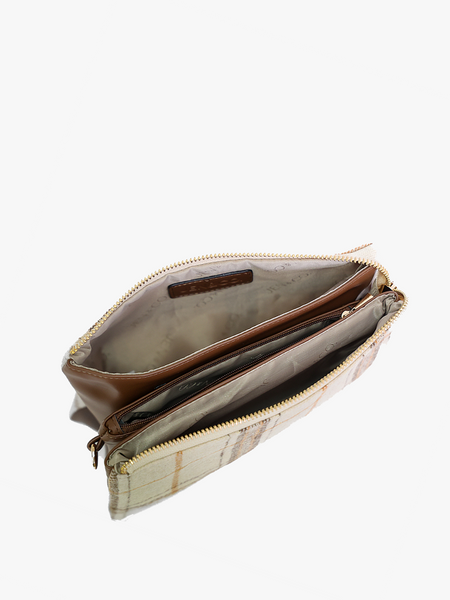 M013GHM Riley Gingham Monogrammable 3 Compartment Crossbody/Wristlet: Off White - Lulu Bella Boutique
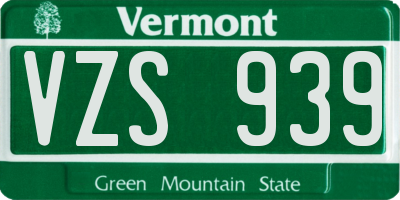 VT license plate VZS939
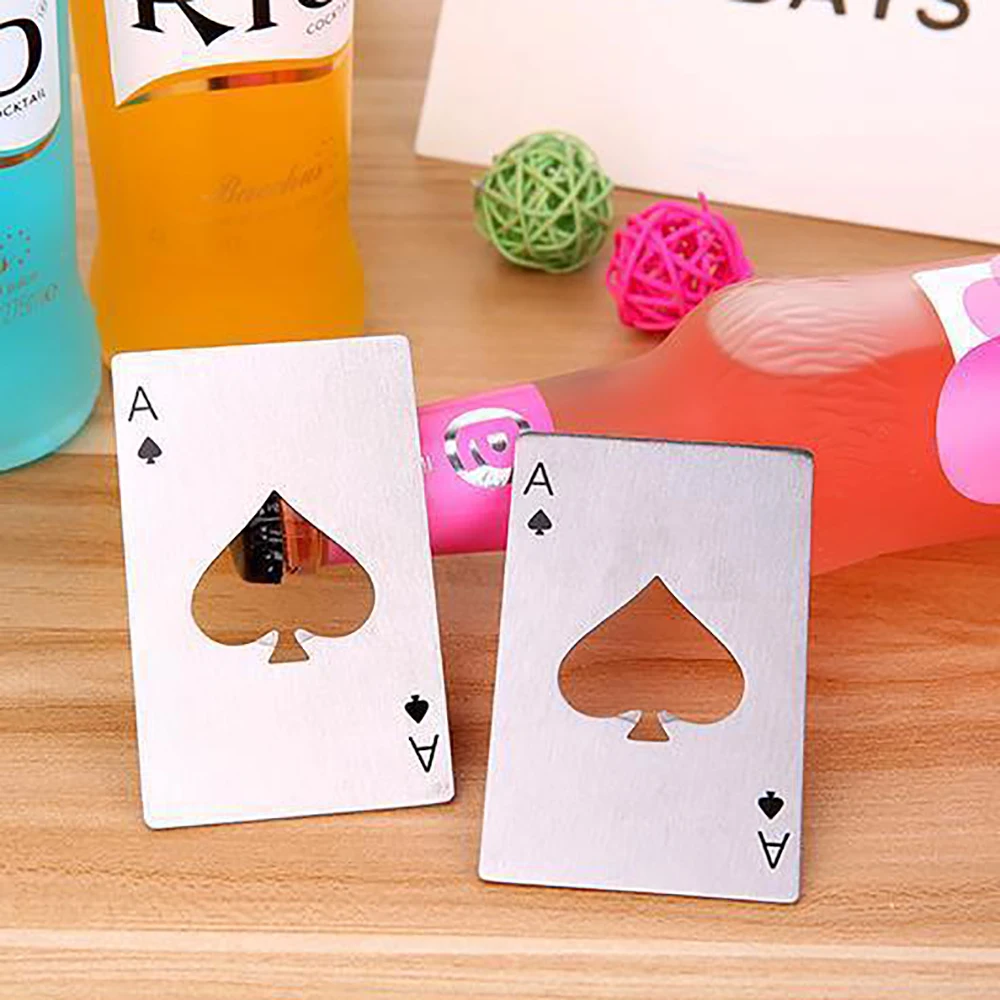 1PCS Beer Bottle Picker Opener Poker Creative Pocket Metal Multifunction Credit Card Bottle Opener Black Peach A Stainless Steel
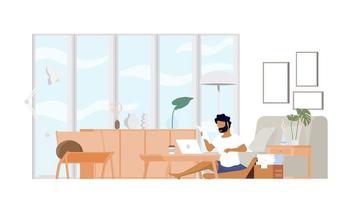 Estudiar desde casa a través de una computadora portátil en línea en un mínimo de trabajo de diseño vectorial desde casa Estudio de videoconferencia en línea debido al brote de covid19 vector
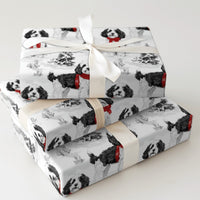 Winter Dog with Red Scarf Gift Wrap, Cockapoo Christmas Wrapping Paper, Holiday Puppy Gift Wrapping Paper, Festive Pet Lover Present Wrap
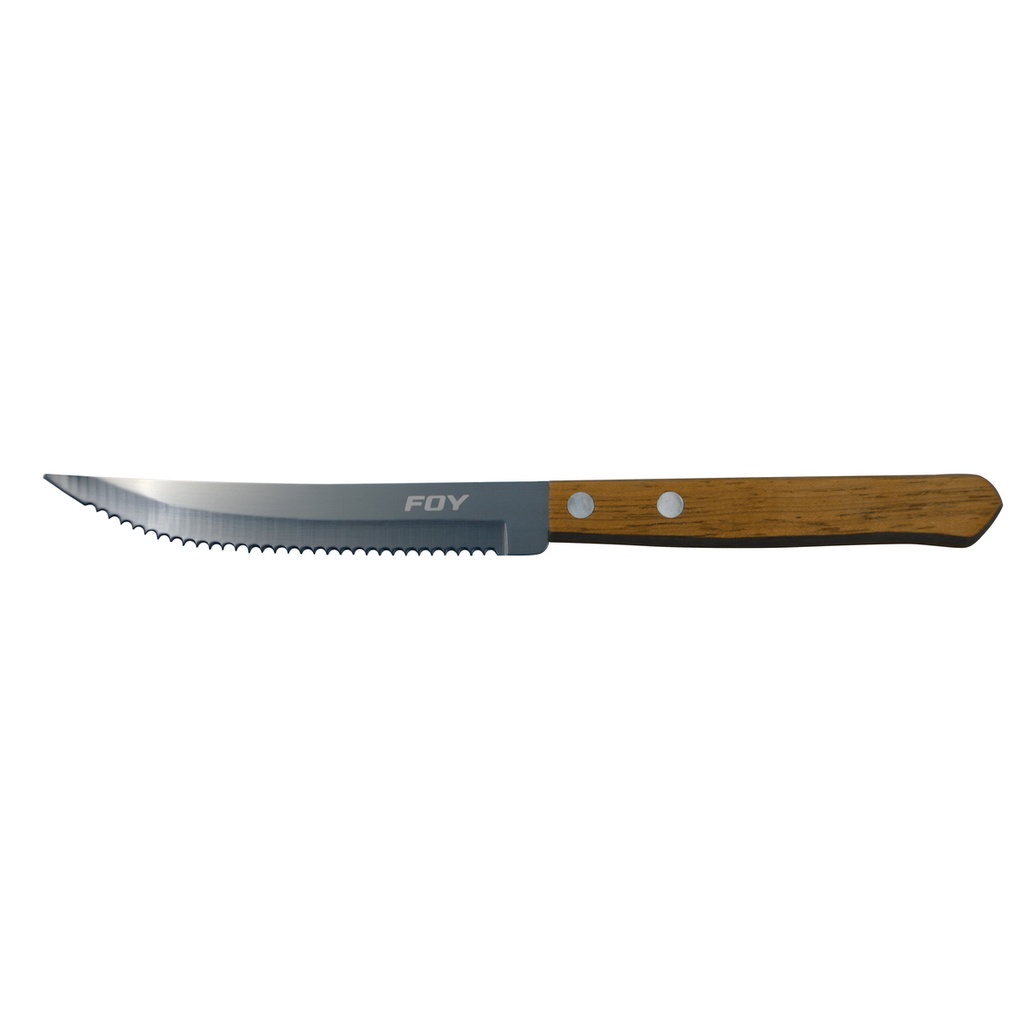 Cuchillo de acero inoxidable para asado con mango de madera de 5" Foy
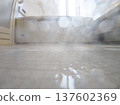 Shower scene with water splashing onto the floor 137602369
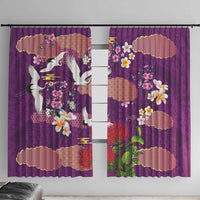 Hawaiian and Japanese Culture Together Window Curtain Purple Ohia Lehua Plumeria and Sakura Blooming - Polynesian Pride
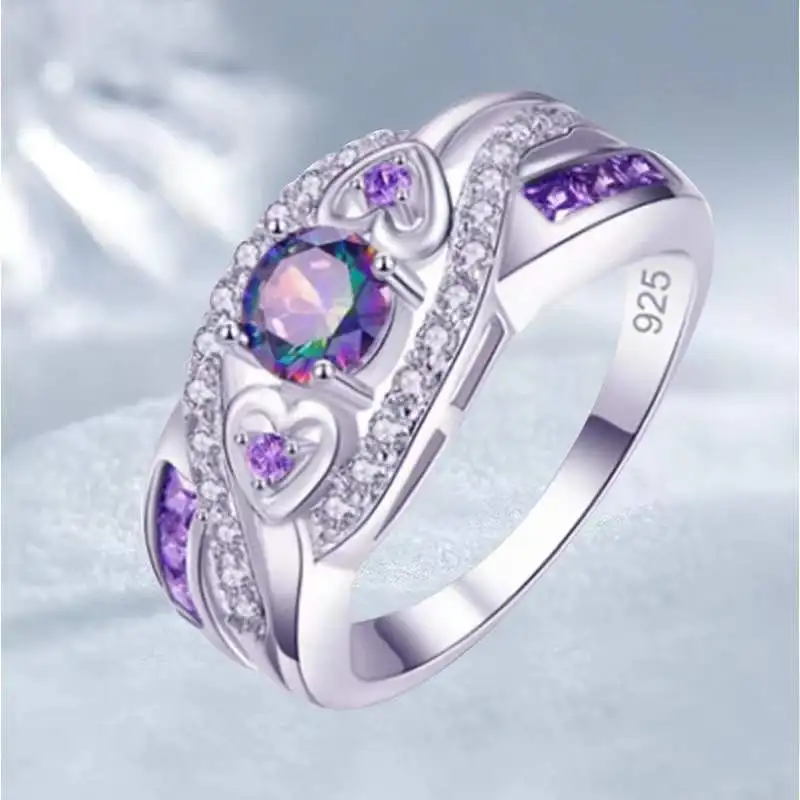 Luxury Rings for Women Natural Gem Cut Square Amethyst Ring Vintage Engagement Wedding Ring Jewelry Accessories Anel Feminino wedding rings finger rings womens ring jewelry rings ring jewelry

+ + +

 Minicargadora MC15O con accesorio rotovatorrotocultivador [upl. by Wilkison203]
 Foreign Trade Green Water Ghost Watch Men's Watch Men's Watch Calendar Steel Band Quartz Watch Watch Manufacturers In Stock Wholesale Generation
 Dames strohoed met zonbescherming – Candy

+ + +

## Task:
Copy word for word only the lines above from the one with "Winter Dog with" through the one with "Luxury Rings for". Leave pictures out.

## Exercise response:
 Winter Dog with Red Scarf Gift Wrap, Cockapoo Christmas Wrapping Paper, Holiday Puppy Gift Wrapping Paper, Festive Pet Lover Present Wrap
 Cuchillo de acero inoxidable para asado con mango de madera de 5" Foy
 Shower scene with water splashing onto the floor 137602369
 Hawaiian and Japanese Culture Together Window Curtain Purple Ohia Lehua Plumeria and Sakura Blooming - Polynesian Pride
 Luxury Rings for Women Natural Gem Cut Square Amethyst Ring Vintage Engagement Wedding Ring Jewelry Accessories Anel Feminino wedding rings finger rings womens ring jewelry rings ring jewelry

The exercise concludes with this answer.